My friend bought Nikon S8000 for 15k...its also good


----------



## asplashor49 (Jan 31, 2011)

Ok.....Canon Powershot SX130 IS uses 2 alkaline batteries.....so i cancel it out...any other suggestions.....????

I think I should choose between the Canon IXUS 120 IS and the Sony Cybershot W350 as the are priced competitively at INR 11000 and 10000 respectively.....Both are valur for money prepositions....Please help me choose between the two.....Thanks in advance!!


----------



## toofan (Jan 31, 2011)

Buy a sony H55 for your budget. If i remember It has manual mode which will help you to learn and understand the photography better.

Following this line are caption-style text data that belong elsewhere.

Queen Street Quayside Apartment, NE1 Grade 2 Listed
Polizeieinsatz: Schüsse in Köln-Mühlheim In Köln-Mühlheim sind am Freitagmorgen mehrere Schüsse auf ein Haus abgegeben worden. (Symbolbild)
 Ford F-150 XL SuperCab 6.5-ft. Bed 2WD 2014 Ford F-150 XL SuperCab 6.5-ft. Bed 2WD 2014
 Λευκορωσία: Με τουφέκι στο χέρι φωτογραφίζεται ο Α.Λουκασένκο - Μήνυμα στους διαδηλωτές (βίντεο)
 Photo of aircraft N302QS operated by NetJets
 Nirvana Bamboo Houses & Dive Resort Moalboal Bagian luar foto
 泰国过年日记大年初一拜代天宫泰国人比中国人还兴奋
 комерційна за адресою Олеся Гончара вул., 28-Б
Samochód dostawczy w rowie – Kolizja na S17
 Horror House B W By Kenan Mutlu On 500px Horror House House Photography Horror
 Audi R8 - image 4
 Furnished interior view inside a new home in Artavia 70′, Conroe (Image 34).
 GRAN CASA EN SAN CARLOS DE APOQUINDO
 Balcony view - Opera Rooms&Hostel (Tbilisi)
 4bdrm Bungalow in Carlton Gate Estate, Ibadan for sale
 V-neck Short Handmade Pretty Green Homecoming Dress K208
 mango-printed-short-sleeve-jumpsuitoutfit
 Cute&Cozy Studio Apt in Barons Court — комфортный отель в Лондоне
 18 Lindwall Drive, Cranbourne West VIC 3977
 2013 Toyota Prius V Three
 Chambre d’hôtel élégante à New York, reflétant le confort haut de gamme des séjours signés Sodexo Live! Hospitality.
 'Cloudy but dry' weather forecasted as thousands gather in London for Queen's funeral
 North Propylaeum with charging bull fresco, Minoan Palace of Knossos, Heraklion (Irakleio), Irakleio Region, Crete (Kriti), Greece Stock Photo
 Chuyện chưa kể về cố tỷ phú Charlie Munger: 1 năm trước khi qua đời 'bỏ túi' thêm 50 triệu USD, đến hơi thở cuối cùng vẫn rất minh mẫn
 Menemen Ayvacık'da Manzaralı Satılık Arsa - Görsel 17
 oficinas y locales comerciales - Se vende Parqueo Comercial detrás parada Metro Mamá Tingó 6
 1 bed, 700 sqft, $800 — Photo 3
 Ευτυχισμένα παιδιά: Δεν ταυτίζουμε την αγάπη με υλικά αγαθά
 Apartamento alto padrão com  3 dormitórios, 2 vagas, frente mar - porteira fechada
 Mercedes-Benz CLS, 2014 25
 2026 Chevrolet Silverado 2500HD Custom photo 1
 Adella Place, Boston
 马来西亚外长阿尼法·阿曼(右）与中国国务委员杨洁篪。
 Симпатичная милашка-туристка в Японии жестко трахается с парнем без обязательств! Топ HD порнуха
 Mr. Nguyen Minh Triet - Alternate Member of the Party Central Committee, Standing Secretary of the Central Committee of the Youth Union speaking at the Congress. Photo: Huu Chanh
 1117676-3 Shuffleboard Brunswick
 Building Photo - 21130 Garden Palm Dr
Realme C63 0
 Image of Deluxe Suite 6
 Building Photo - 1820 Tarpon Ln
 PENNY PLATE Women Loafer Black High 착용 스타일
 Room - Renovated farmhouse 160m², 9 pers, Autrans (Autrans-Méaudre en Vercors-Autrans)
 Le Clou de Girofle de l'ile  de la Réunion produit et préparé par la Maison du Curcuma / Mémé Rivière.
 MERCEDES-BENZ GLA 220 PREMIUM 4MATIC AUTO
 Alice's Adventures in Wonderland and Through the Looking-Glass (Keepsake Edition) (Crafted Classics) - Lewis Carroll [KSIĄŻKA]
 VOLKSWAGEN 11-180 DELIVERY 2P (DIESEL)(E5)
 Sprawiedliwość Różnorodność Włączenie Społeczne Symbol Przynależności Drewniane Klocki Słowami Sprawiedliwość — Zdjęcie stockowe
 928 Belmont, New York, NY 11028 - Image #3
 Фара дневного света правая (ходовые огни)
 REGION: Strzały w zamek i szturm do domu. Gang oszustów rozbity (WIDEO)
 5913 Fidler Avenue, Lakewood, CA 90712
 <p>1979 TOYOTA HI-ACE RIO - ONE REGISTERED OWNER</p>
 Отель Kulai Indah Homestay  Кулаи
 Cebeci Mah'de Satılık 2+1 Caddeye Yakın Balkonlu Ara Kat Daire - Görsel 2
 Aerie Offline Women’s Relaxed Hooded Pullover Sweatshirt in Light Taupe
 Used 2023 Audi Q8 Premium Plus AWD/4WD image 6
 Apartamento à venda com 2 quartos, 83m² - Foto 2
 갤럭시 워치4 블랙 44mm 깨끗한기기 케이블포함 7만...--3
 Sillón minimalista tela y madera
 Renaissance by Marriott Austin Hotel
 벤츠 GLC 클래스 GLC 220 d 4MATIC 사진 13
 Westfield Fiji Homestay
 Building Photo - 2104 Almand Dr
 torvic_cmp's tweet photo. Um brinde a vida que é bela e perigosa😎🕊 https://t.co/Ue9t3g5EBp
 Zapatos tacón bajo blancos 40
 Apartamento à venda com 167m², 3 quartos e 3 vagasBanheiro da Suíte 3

canon sx130 Is has also manual mode but some added expenditure on batteries and charger.


----------



## coolest111 (Feb 2, 2011)

remember dsc-wx1 don't have sd card support so high capacity card r costly....

remember dsc-wx1 don't have sd card support so high capacity card r costly....


----------



## asplashor49 (Feb 5, 2011)

I think leaving all the other cheaper alternatives out, I should go for the Sony Cybershot DSC-H55...but please tell me, Is there any other competitor to H55 from Canon?? 
                                         OR 
Should I finalize H55???
Thanks for the advice so far!!


----------



## toofan (Feb 6, 2011)

one more option for you to confuse you. Search on net for the reviews and select between
Sony Cybershot DSC-H55 (10x zoom, manual mode) MRP: 14990.
Fujifilm FinePix S2500 HD (18x Zoom, manual mode) MRP: 14999.

Thing generally sell much cheaper the MRP. And don't every buy from there showroom. There you will find them most expensive.

do a research on net and buy which is better and shoots you.

If looking for image quality and a good all rounder go for Panasonic FZ38 without bill. you could shoot RAW (this is good only if you know image editing)


----------



## aroraanant (Apr 27, 2011)

H55 is a good camera and if u want a better one then u can also go for sony hx7v which is 3k costlier than h55 but it is gr8 cam


----------